Independent presidential candidate Robert F. Kennedy Jr. has collected enough signatures to qualify for the ballot in Texas, his campaign said.

“Independent Presidential Candidate Robert F. Kennedy Jr. and Vice Presidential Candidate Nicole Shanahan today visited the Texas Secretary of State office and turned in 245,572 signatures — twice as many as are required — to gain ballot access in Texas,” RFK Jr.’s campaign stated in a press release.

“Today, Nicole and I turned in 245,572 signatures — twice as many as are required — to gain ballot access in Texas. Thank you Lone Star State,” RFK Jr. said.

Per Kennedy24:

Kennedy is the first independent presidential candidate to make the Texas ballot in more than two decades since Pat Buchanan’s presidential run in 2000. The signature requirement then was just over 56,000, now it’s 113,151.

“RFK Jr. has drawn a line in the sand reminiscent of the determination of our Texas forebears,” said National Field Director Andy Griffith. “It’s time Texans declare independence from the limitations of partisan politics and vote for new leadership.”

The Kennedy campaign has launched a robust ballot access plan to ensure the Kennedy-Shanahan ticket is on the ballot in all 50 states and the District of Columbia.

The former Democrat candidate’s campaign said it’s officially on the ballot in six states – Utah, Michigan, California, Delaware, Oklahoma, and now Texas.

RFK Jr.’s campaign said it collected enough signatures for ballot access in eight other states – New Hampshire, Nevada, Hawaii, North Carolina, Idaho, Nebraska, Iowa, and Ohio.

The Hill reports:

The Texas Secretary of State’s Office confirmed it received the petition but could not confirm the number of listed signatures.
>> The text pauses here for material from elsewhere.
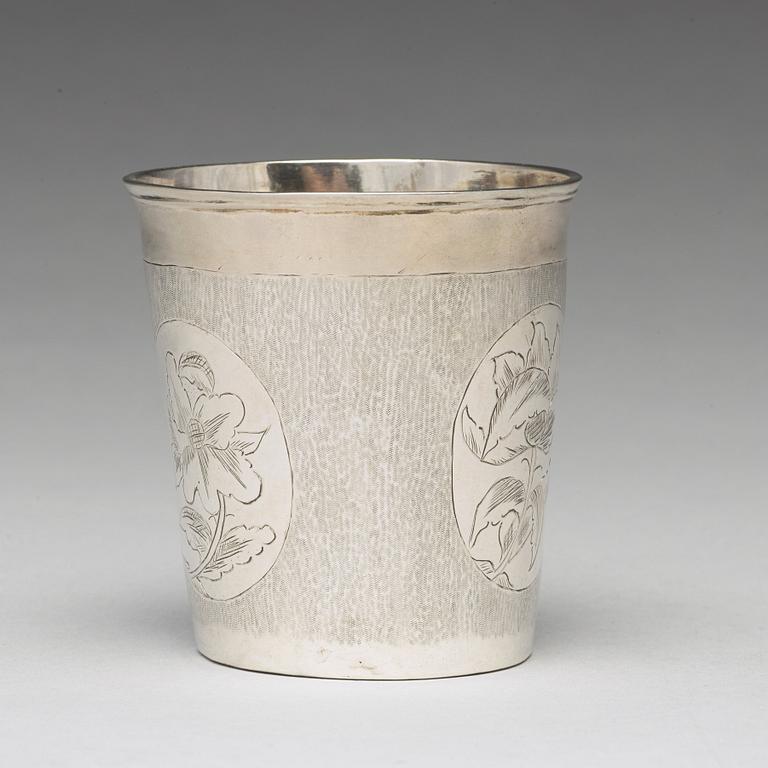 A Swedish 17th century silver beaker, mark of Jöran Hieronymi Bernegau, Norrköping (1648-1679).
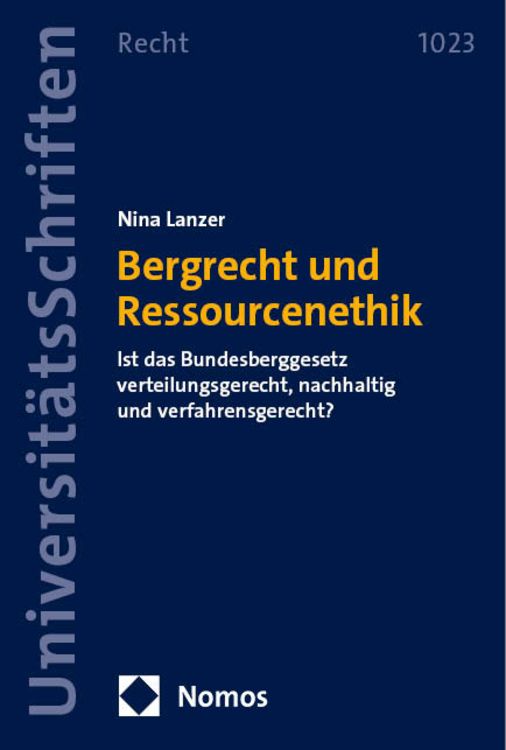 Produktbild: Bergrecht und Ressourcenethik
Texas, which has the second-highest number of electoral college votes with 40 votes, is the 14th state where the independent candidate has claimed ballot access so far. That list also includes California, which has the most electoral college votes in the country with 54 votes.

He is the first independent presidential candidate to gain access to the Texas ballot since Pat Buchanan ran for the Oval Office in 2000, Kennedy’s campaign said.

While Kennedy, who switched from the Democratic party to an independent last fall, is vying for access to all 50 states, political strategists predict he likely only needs a few significant states to create a “spoiler” effect.

Spear told The Hill last week that Kennedy’s campaign is seeking to “pull votes away from disenfranchised votes of both President Biden and President Trump.”